I just added an example of simple model construction to my textbook, Statistical Inference for Everyone. It's a process I don't think I've ever seen in an intro stats book, but is common in scientific work. The idea is that you start off with a simple model, collect data, then notice where your simple model breaks, propose a new more complex model, and do the analysis again.

The entire data set I use is here, where I have the mass of US Pennies for several years:

Year | Mass |
---|---|

1960 | 3.133 |

1961 | 3.083 |

1962 | 3.175 |

1963 | 3.120 |

1964 | 3.100 |

1965 | 3.060 |

1966 | 3.100 |

1967 | 3.100 |

1968 | 3.073 |

1969 | 3.076 |

1970 | 3.100 |

1971 | 3.110 |

1972 | 3.080 |

1973 | 3.100 |

1974 | 3.093 |

1989 | 2.516 |

1990 | 2.500 |

1991 | 2.500 |

1992 | 2.500 |

1993 | 2.503 |

1994 | 2.500 |

1995 | 2.497 |

1996 | 2.500 |

1997 | 2.494 |

1998 | 2.512 |

1999 | 2.521 |

2000 | 2.499 |

2001 | 2.523 |

2002 | 2.518 |

2003 | 2.520 |

## Single "True" Value Model

One starts this analysis loading the first part (earlier than 1975), and applying a model which states that there is a single "true" value.
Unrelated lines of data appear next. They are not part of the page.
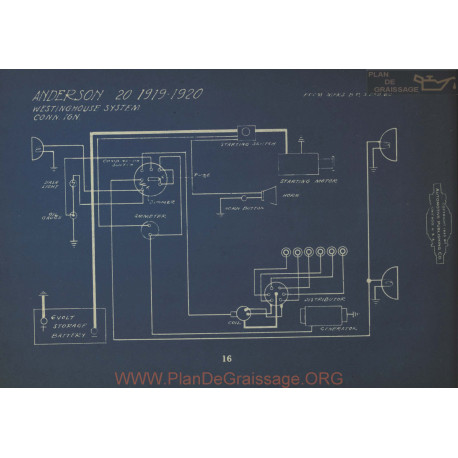 Anderson 20 Schema Electrique 1919 1920 Westinghouse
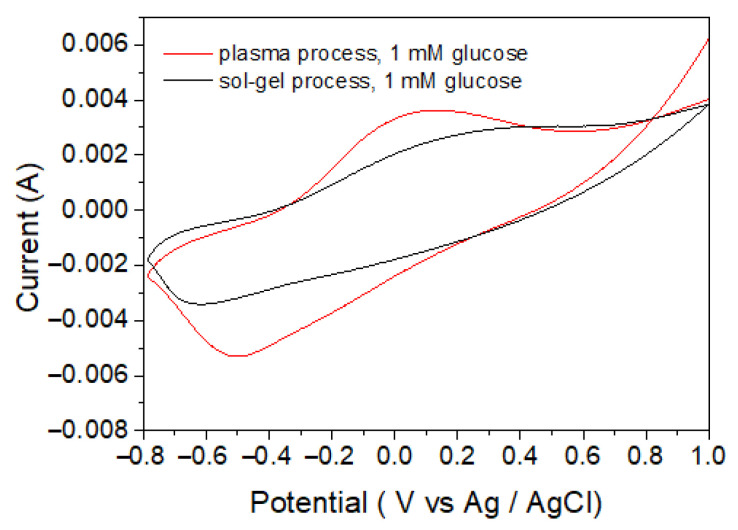 Figure 9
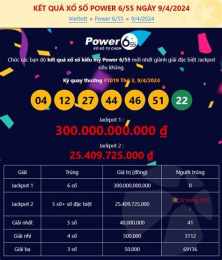 tính năng nổi bật kết quả xổ số power 655 hôm nay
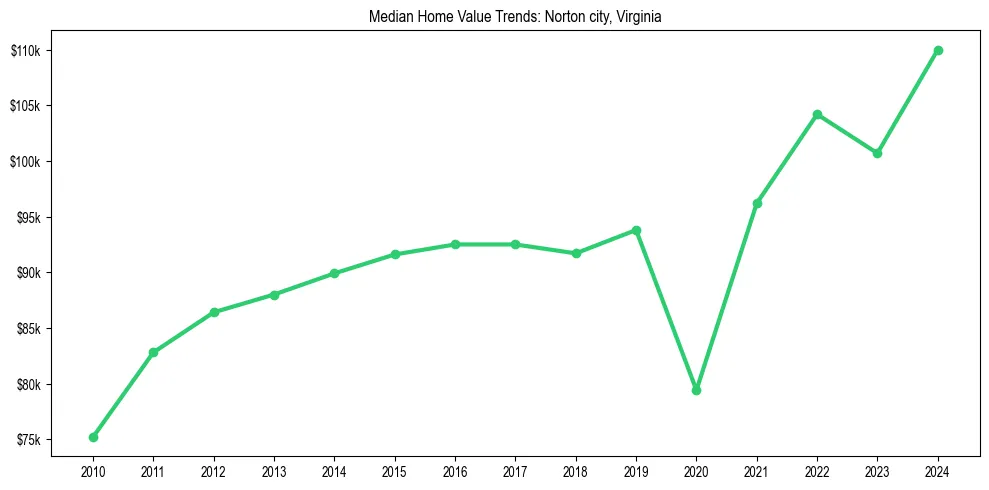 Median property value trends in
The best estimate of this value is the sample mean, and the posterior distribution is normal. A plot of this looks like

If you apply it to all the data, you get something that clearly looks ridiculous:

It is then that it makes sense to change the model to a two "true" values model.
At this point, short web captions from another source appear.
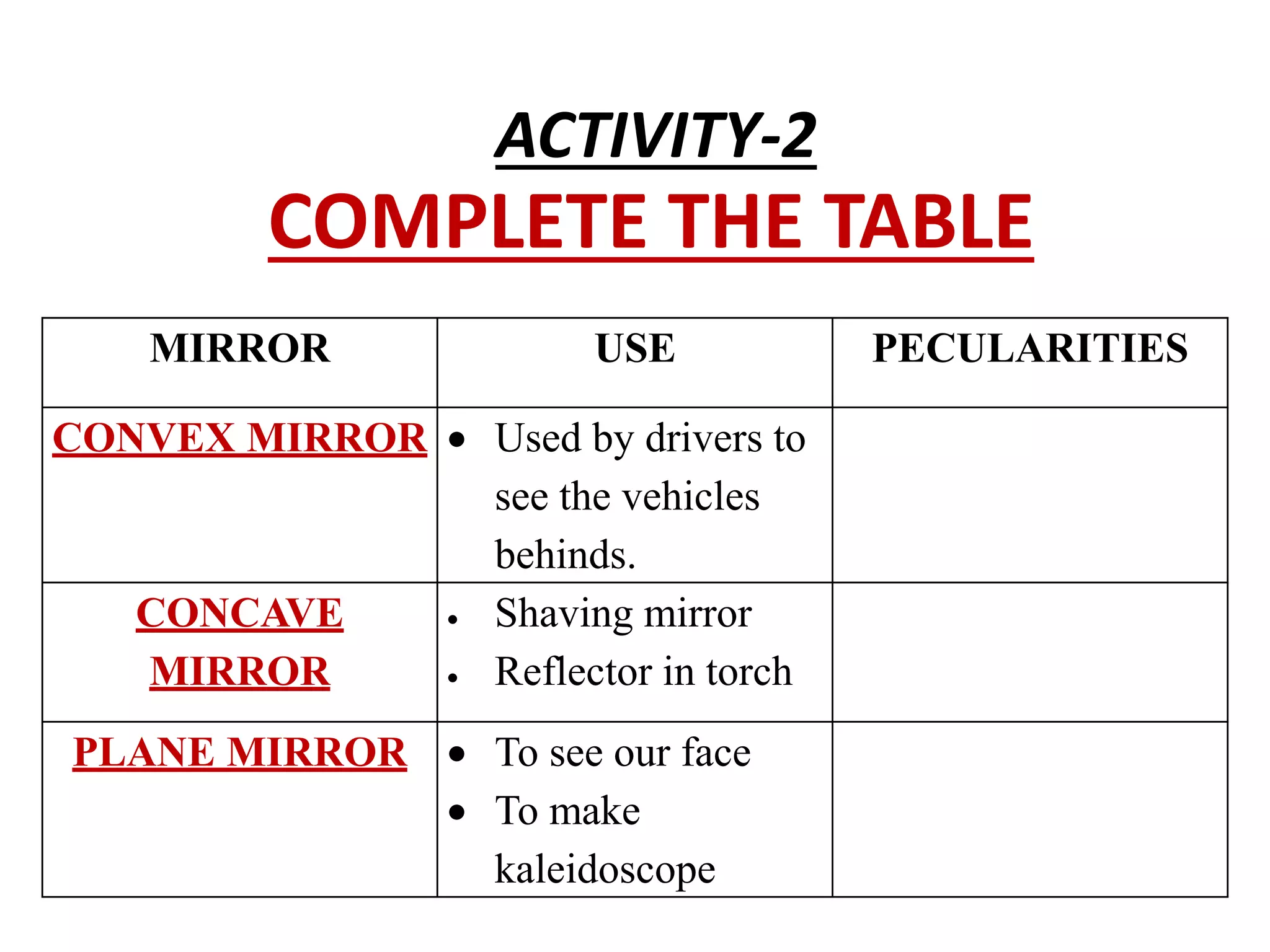 MIRROR USE PECULARITIES
CONVEX MIRROR Used by drivers to
see the vehicles
behinds.
CONCAVE
MIRROR
Shaving mirror
Reflector in torch
PLANE MIRROR To see our face
To make
kaleidoscope
COMPLETE THE TABLE
ACTIVITY-2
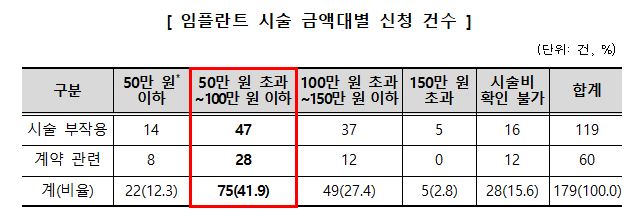 한국 소비자원이 밝힌 저가 임플란트의 실태. 드림연합치과는 저가 임플란트를 하지 않습니다. 합리적인 가격에 실력으로 환자의 건강한 미소를 되찾습니다.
## Double "True" Value Model

With this model, we have separate means for the pre- and post-1975 data, and can look at the overlap of the credible intervals, or the posterior distribution of the difference, both of which clearly show a statistically significant difference.

## Advantages

This approach has several advantages over the typically methods used to teach this topic:

- it progresses systematically from simple to complex
- it shows the benefits and limitations of the simple models
- it connects the procedures of the complex models to the earlier ones, so they don't seem like disjoint unrelated topics.